1

Sentences I guess being string that end in ! ? .

Excepting thing like Dr. Mr. It is true that you cannot really know a sentence in java because of grammar.

But I guess what I mean is a period or exclamation mark or question mark and then what follows being a capital letter.

How would one do this.

This be what I have But its not working.....

      BufferedReader Compton = new BufferedReader(new FileReader(fileName));
        int sentenceCount=0;

        String violet;

        String limit="?!.";
        while(Compton.ready())
        {
            violet=Compton.readLine();

            for(int i=0; i<violet.length()-1;i++)
            {
                if(limit.indexOf(violet.charAt(i)) != -1 && i>0 && limit.indexOf(violet.charAt(i-1)) != -1)
                {
                    sentenceCount++;
                }
            }
        }
            System.out.println("the amount of sentence is " + sentenceCount);

EDIT New way that works better

          String violet;
        while(Compton.ready())
        {
            violet=Compton.readLine();
            sentenceCount=violet.split("[!?.:]+").length;
            System.out.println("the number of words in line is " + 

              sentenceCount);
         }
james Chol
  • 53
  • 2
  • 9
  • 2
    It seems to me that your logic is not quite valid. Both your examples will be a period followed by a capital letter, because both `Mr.` and `Dr.` will be followed by the name of the person, which usually starts with a capital letter. – null Feb 02 '15 at 19:23
  • You is right null. I guess maybe I should say a sentence is a string that ends with !?. for my purposes. – james Chol Feb 02 '15 at 19:28
  • Surely someone can come up with some Idea on how to do this, but perhaps It would take a genius. – james Chol Feb 02 '15 at 19:44
  • You might consider a natural language parsing library. Or is that overkill? [OpenNLP](https://opennlp.apache.org/), [clearnlp](https://code.google.com/p/clearnlp/), [references](http://stackoverflow.com/questions/870460/is-there-a-good-natural-language-processing-library), [more references](http://stackoverflow.com/questions/22904025/java-or-python-for-natural-language-processing). – showdev Feb 02 '15 at 23:52

3 Answers3

3
BufferedReader reader = new BufferedReader(new FileReader(fileName));
int sentenceCount = 0;
String line;
String delimiters = "?!.";

while ((line = reader.readLine()) != null) { // Continue reading until end of file is reached
    for (int i = 0; i < line.length(); i++) {
        if (delimiters.indexOf(line.charAt(i)) != -1) { // If the delimiters string contains the character
            sentenceCount++;
        }
    }
}

reader.close();
System.out.println("The number of sentences is " + sentenceCount);
javac
  • 2,431
  • 4
  • 17
  • 26
1

One liner:

int n = new String (Files.readAllBytes(Paths.get(path))).split ("[\\.\\?!]").length

Uses Java 7 constructs to read whole file to byte array, create a string from that and split into sentence array then gets the length of the array.

Lev Kuznetsov
  • 3,520
  • 5
  • 20
  • 33
0

A potential way to do this is to scan your file as words and then count words that are not in your exception list that end in your given punctuation.

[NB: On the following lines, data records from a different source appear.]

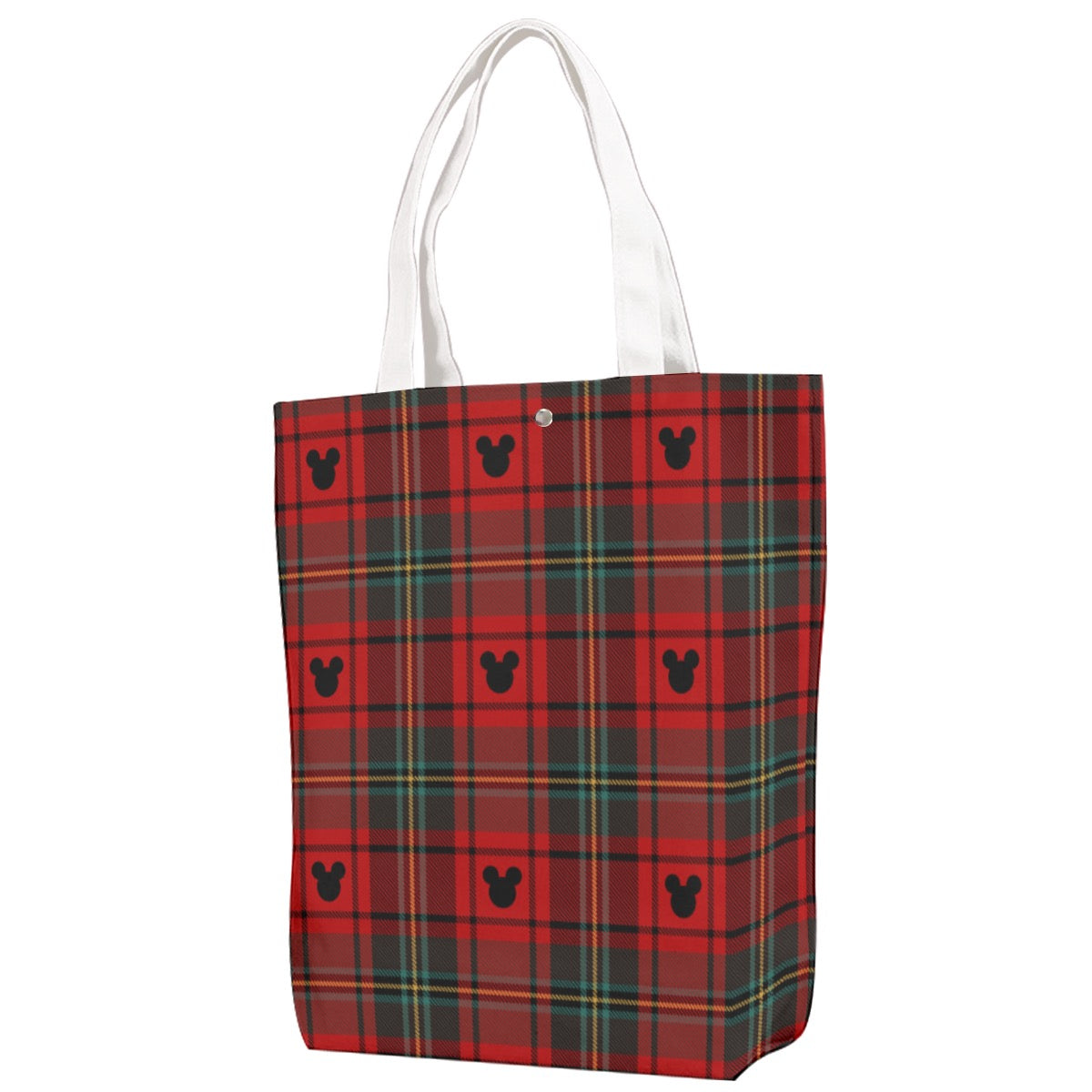 Christmas Plaid Canvas Bag With Shoulder Strap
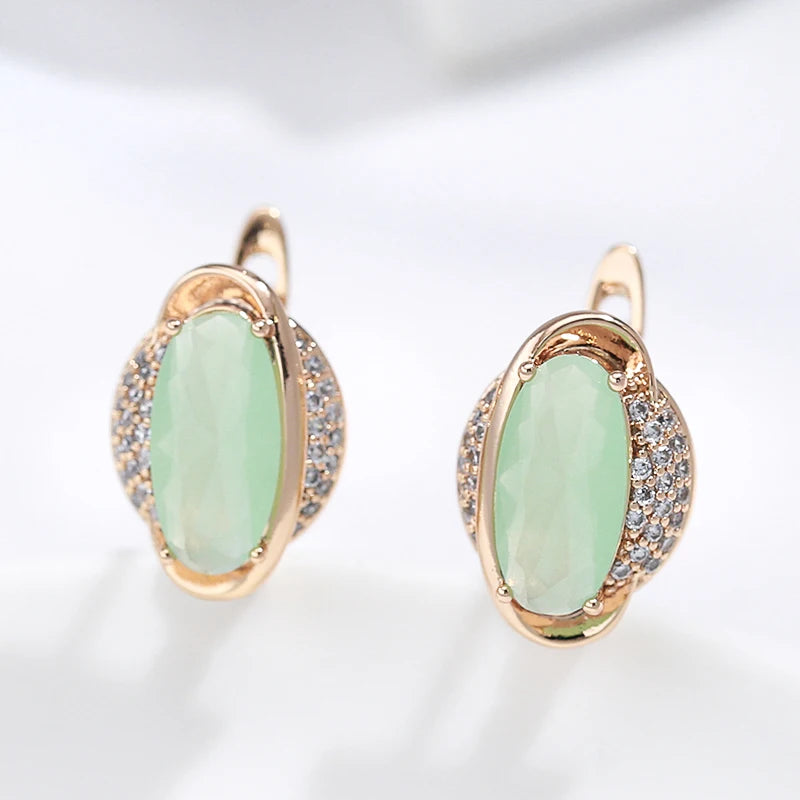 Emerald Cut Oval Natural Zircon Drop Earrings Women 585 Rose Gold Colour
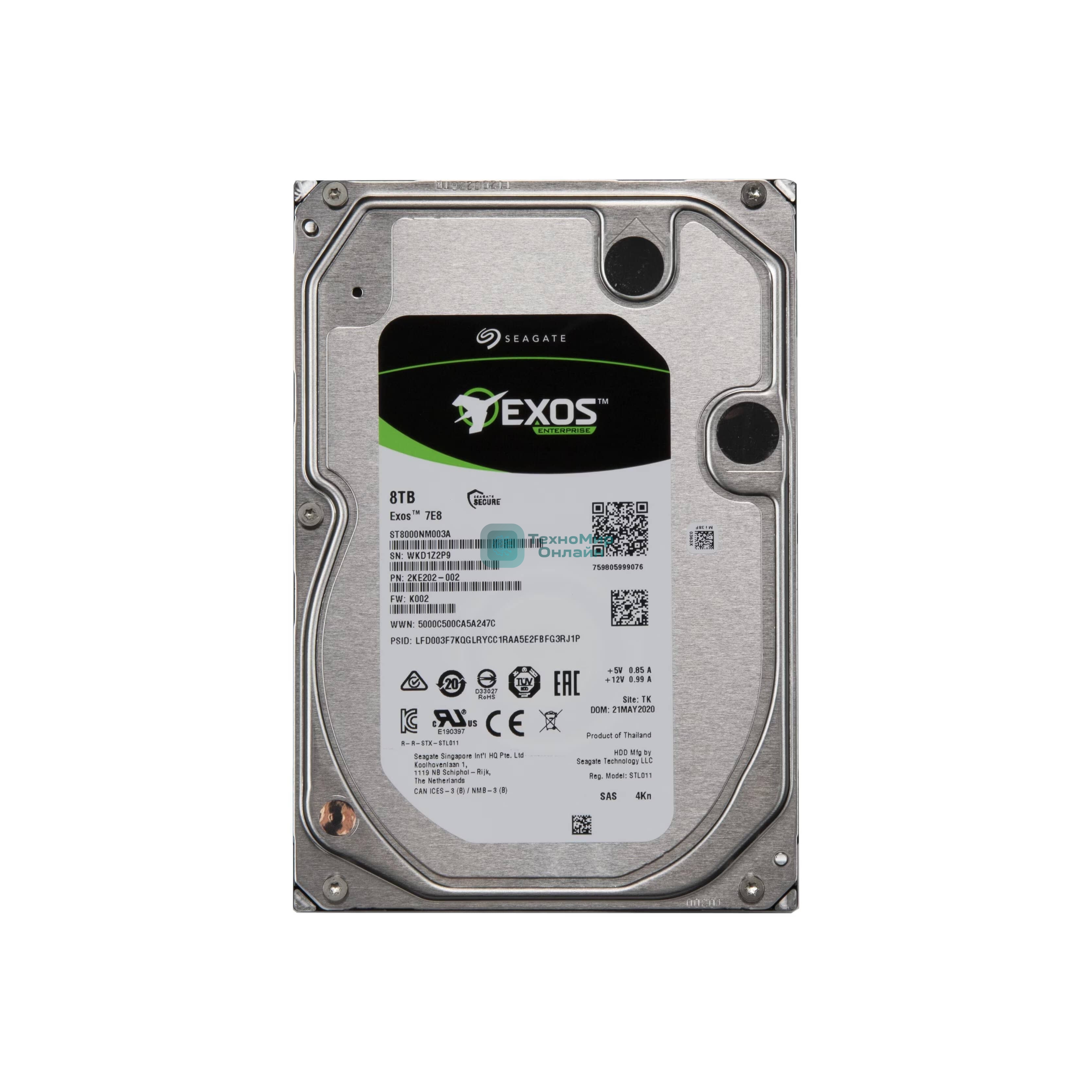 Жесткий диск Seagate HDD SAS 8Tb Exos 12Gb/s 7200rpm 256Mb 1 year warranty (replacement ST8000NM001A)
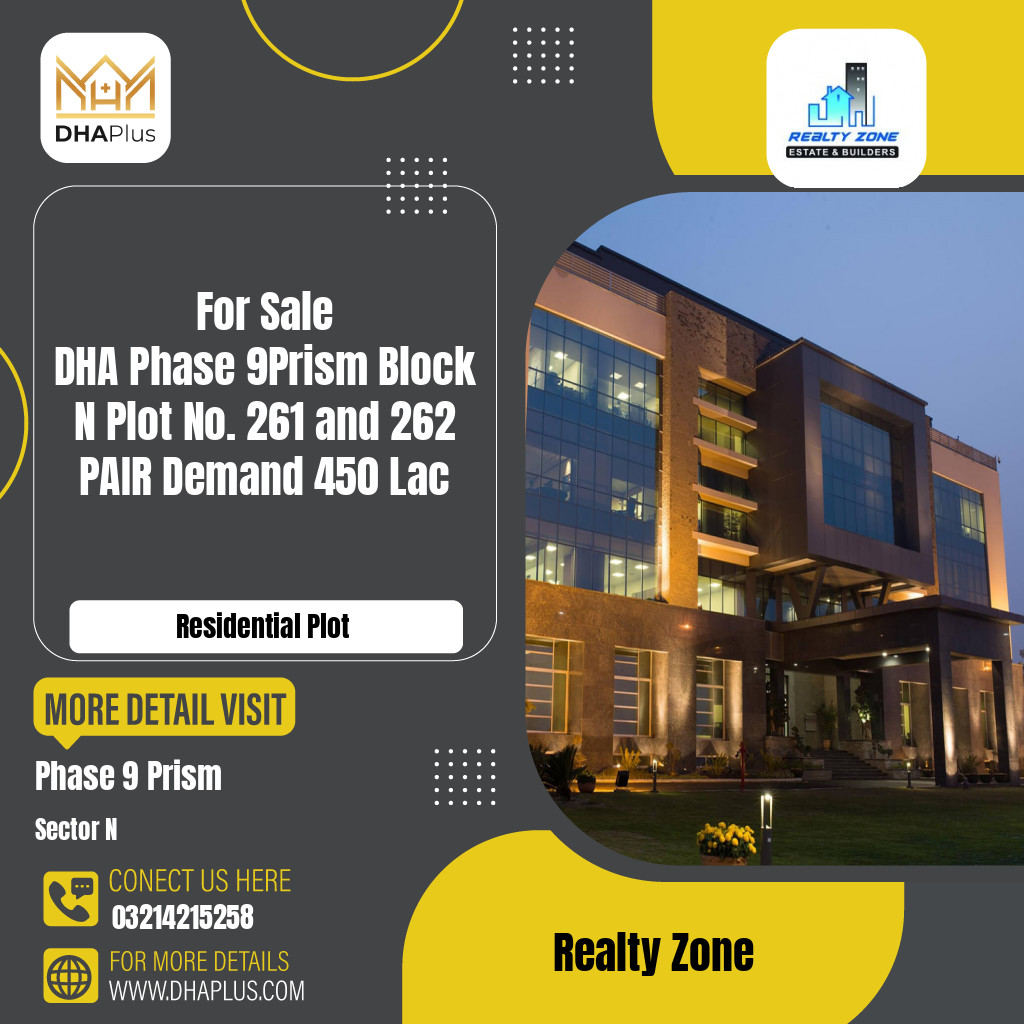 10 Marla Residential Plot for Sale in Sector N -  Phase 9 Prism, Lahore - (DP-38736)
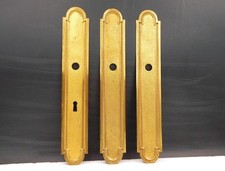 Vintage, Set of 3 Beaded Brass Cleaning Plates, Louis XVI Style, Door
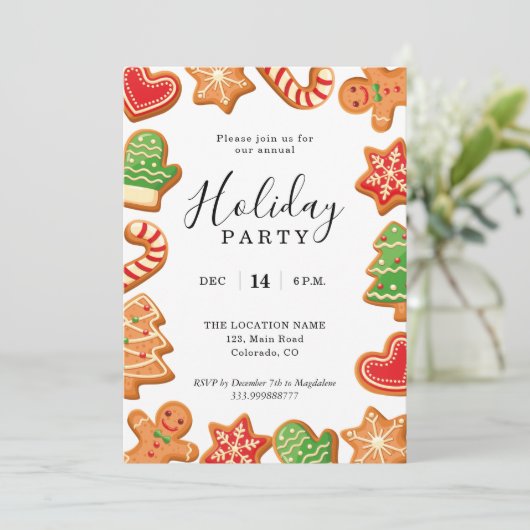Jaarlijkse feestdag Gingerbrood Cookie-uitnodiging Kaart (Staand voorkant)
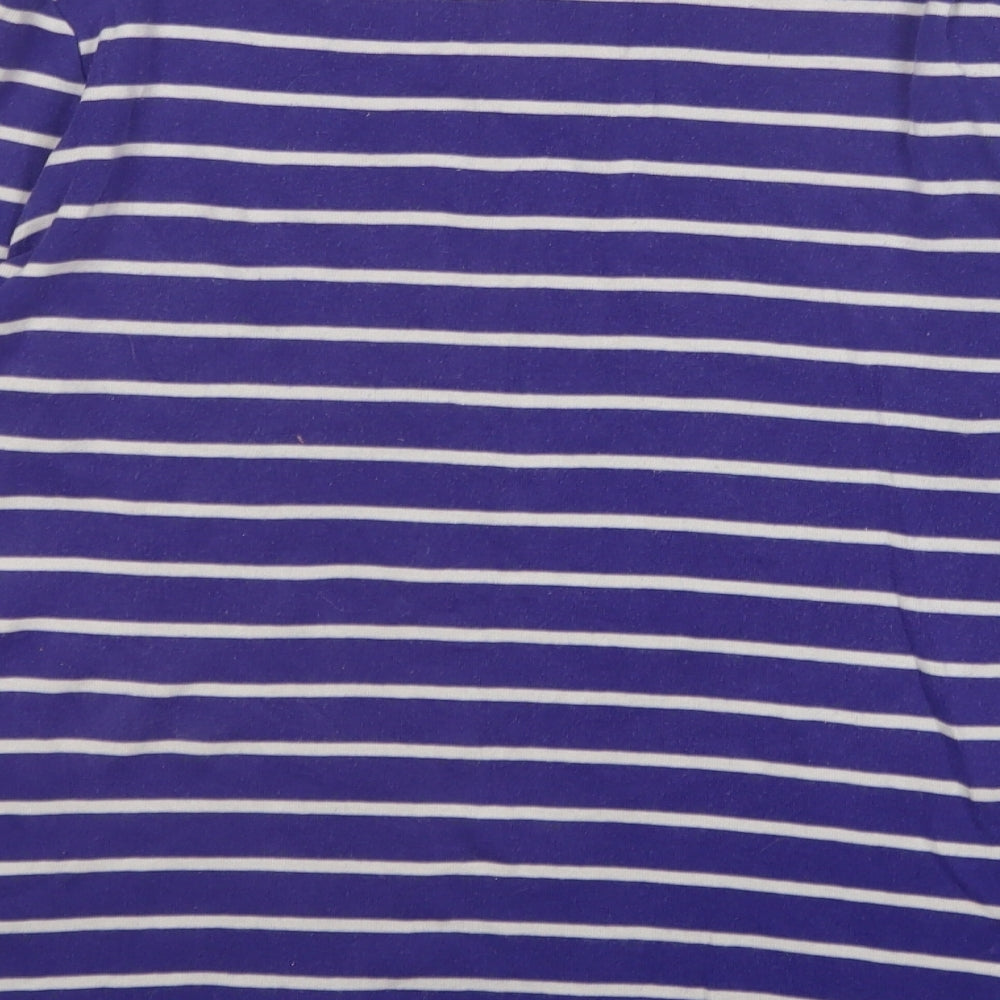 George Womens Blue Striped Cotton Basic T-Shirt Size 12 Round Neck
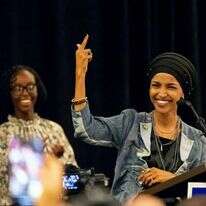 אילהאן עומאר, חברת בית הנבחרים מטעם מדינת מינסוטה ומהגרת סומלית | AFP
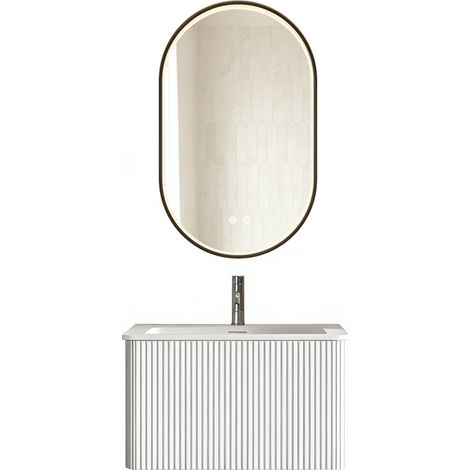 Hängendes Badmöbel-Set Weiß 60 cm mit integriertem Waschbecken und ovalem LED-Spiegel (1/5)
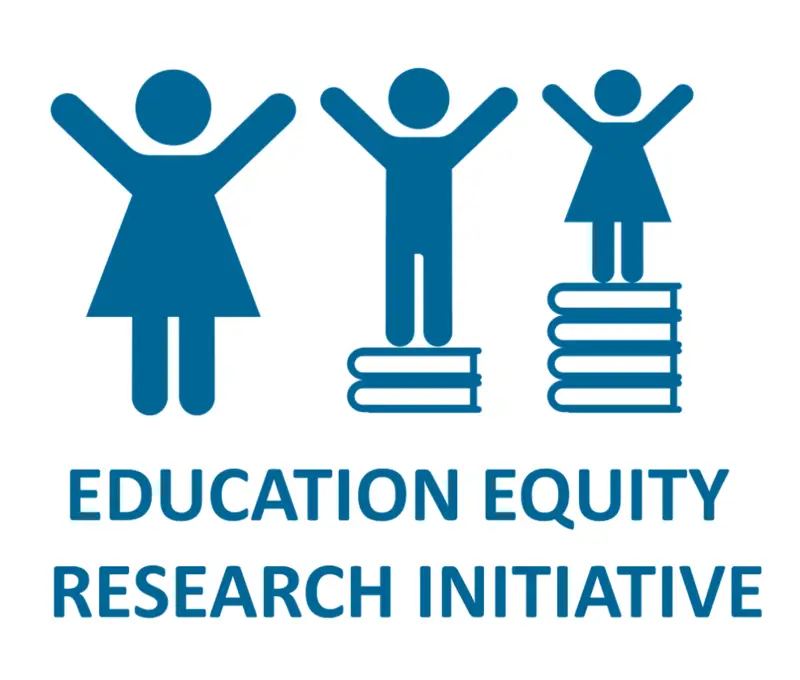 Three blue stick figures celebrating, some standing on books. Text: "EDUCATION EQUITY RESEARCH INITIATIVE."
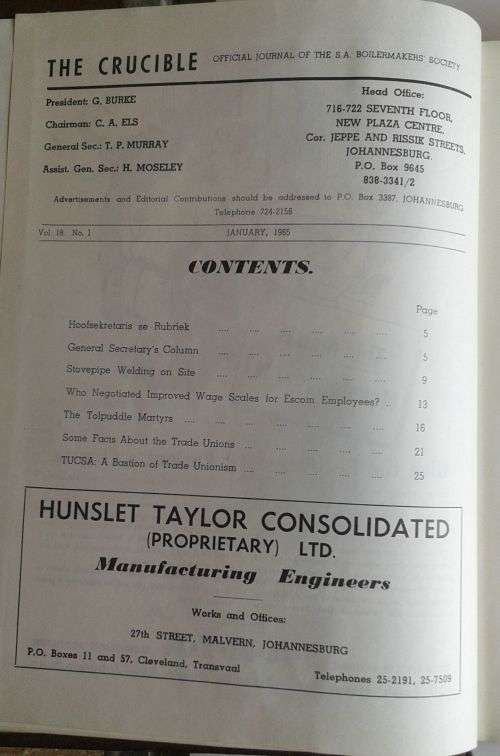 The Crucible vol 18 January 1965 (SA Boilermakers society)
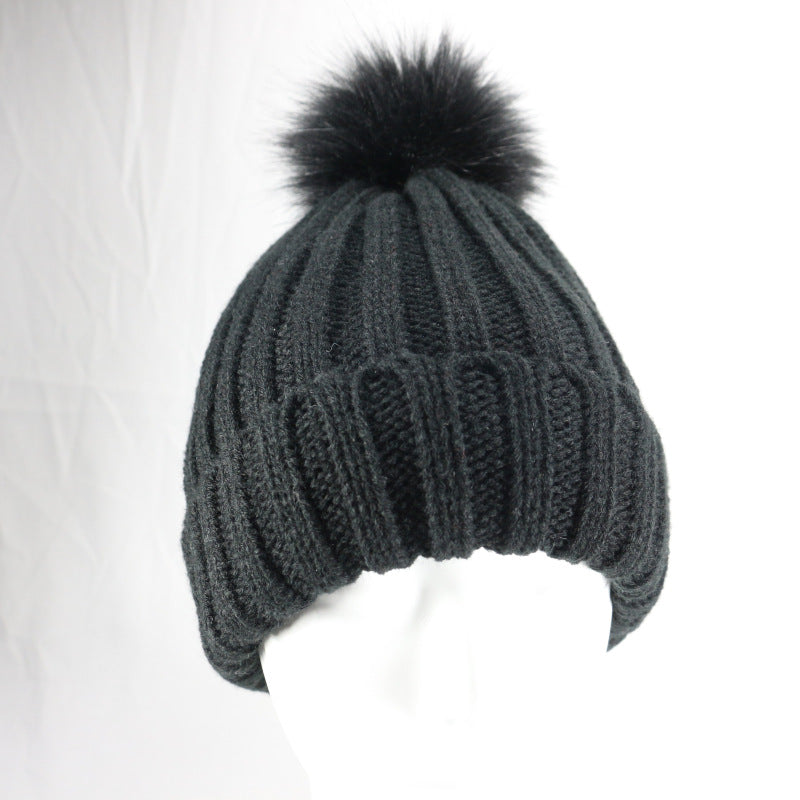 European and American Winter Hot-Selling Pom-Pom Knitted Hat Thickened High Elastic Satin Lined Knit Hat Versatile Windproof Warm 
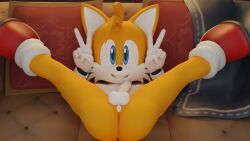 1boy 3d 3d_(artwork) anthro anus balls blender_(software) canid canine clothing digital_media_(artwork) exposed_torso femboy footwear fox genitals gesture gloves handwear hi_res looking_at_viewer male male_only mammal miles_prower penis sega shoes smile solo sonic_(series) sonic_the_hedgehog_(series) spread_legs spreading tails twintails3d two_tone_body two_tone_face v_sign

Here's a possible implementation using Java 8 streams:

List<String> exceptions = Arrays.toList("Dr.", "Mr.");
Iterable<String> iterableScanner = () -> new Scanner(filename);
int sentenceCount = StreamSupport.stream(iterableScanner, false)
    .filter(word -> word.matches(".*[\\.\\?!]))
    .filter(word -> !exceptions.contains(word))
    .count();
sprinter
  • 27,148
  • 6
  • 47
  • 78